*Exercise requirements:*
Output range, inclusive: from the line containing "Black varsity jacket" to the line containing "Guinea Pig Carrier". Restate those lines from the data below word for word and only those.

########

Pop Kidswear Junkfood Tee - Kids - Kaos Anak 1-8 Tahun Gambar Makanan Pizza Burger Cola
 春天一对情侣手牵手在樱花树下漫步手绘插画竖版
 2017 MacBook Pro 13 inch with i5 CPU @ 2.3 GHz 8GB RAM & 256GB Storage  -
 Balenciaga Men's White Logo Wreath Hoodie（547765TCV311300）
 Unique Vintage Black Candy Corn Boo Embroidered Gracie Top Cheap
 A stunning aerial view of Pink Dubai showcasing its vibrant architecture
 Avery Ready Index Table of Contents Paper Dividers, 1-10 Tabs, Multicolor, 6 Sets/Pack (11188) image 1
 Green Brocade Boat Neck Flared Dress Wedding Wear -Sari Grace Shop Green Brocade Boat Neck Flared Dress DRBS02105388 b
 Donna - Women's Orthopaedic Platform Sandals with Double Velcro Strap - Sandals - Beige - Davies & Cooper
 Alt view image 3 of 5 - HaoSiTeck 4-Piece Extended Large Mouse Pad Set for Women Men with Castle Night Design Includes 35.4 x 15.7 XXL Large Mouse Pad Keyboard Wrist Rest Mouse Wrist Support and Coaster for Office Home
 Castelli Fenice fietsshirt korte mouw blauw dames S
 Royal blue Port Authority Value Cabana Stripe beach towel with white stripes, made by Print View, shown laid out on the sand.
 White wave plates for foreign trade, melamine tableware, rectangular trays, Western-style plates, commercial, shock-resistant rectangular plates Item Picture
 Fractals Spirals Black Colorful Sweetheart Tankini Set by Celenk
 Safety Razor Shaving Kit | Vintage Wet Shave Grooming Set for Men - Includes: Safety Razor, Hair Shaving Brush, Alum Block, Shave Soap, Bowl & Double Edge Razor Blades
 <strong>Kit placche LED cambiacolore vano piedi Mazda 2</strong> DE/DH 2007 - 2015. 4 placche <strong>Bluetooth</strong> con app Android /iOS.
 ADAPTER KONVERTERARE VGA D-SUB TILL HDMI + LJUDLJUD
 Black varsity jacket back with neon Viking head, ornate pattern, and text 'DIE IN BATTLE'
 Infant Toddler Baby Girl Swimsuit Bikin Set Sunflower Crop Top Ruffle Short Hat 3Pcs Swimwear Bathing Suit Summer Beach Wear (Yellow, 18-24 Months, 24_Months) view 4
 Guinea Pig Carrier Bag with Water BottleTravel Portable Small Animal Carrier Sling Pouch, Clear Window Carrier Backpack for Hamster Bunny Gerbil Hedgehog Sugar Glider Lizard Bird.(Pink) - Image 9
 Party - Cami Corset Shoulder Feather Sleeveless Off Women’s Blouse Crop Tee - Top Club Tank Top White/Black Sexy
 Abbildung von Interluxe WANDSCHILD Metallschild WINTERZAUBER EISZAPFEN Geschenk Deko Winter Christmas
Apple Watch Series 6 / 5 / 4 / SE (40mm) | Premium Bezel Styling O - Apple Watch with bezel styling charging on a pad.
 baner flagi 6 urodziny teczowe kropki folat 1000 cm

########

*Task solution:*
 Black varsity jacket back with neon Viking head, ornate pattern, and text 'DIE IN BATTLE'
 Infant Toddler Baby Girl Swimsuit Bikin Set Sunflower Crop Top Ruffle Short Hat 3Pcs Swimwear Bathing Suit Summer Beach Wear (Yellow, 18-24 Months, 24_Months) view 4
 Guinea Pig Carrier Bag with Water BottleTravel Portable Small Animal Carrier Sling Pouch, Clear Window Carrier Backpack for Hamster Bunny Gerbil Hedgehog Sugar Glider Lizard Bird.(Pink) - Image 9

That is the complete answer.